Pues esta claro: porque el objetivo es otro muy distinto. El Parlamento es el escenario de la representación política. Por un lado, “representamos” a una parte de la ciudadanía y, por otro, “representamos” un papel en relación con lo que interpretamos las querencias o rechazos de dicha ciudadanía. Pues bien, el primer día, este tipo de representación puede ser válida. El segundo es reiterativa. El tercero machacona. El cuarto, uno se pregunta si no querrán sembrar la duda de que donde dices “sí” pueda ser interpretado como “no”.
En ésas está el PP en el Parlamento Vasco. Sean los “viernes de María (San Gil)”; sean las preguntas sin réplica de Carlos Urquijo – chollo de Consejeros de Interior mínimamente conocedores de su Negociado –; sea cualquier iniciativa del PP exacerbando un discurso hasta lo disparatado, la tónica es un enunciado con el que se puede coincidir en su formulación, pero que se rechaza porque son evidentes los objetivos de su insistencia.
Para los Socialistas Vascos es más que evidente la intención del PP en su terquedad parlamentaria: quedar a bien con la parte más radicalizada y extrema de su base social; conformar a sus promotores mediáticos; aparentar ser los únicos preocupados en la defensa de las víctimas y en una oposición frontal a ETA; y más importante, darle un puntapié al Gobierno de Rodríguez Zapatero, aparentando entusiasmos frente a ETA y frente a los nacionalistas vascos.

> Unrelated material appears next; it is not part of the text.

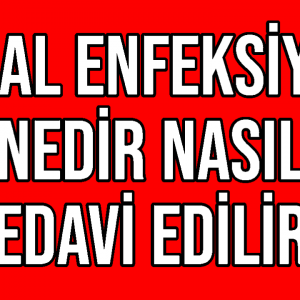 Viral Enfeksiyon Nedir Nasıl Tedavi Edilir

La trampa la denunciaron hace meses dos miembros independientes del PSE-EE, nada dudosos en cuestión de terrorismo y en la relación con el Partido Popular. Emilio Guevara y Antonio Rivera dijeron en tribuna parlamentaria que ya valía de aguantar un parlamentarismo ramplón, de escaparate y, lo peor, de regocijo para Ibarretxe y los suyos, que encuentran en el PP el espejo que necesitan para continuar en una política partidista en algo que, como el terrorismo, necesita precisamente la posición común de todas las fuerzas políticas. Sin excepción.
[Transcripción del artículo que publica el sábado, 17 de febrero, EL MUNDO DEL PAÍS VASCO en torno a la posición que hemos mantenido los Socialistas en el Pleno del Parlamento Vasco frente a una iniciativa sobre "lo de siempre" presentada por el PP].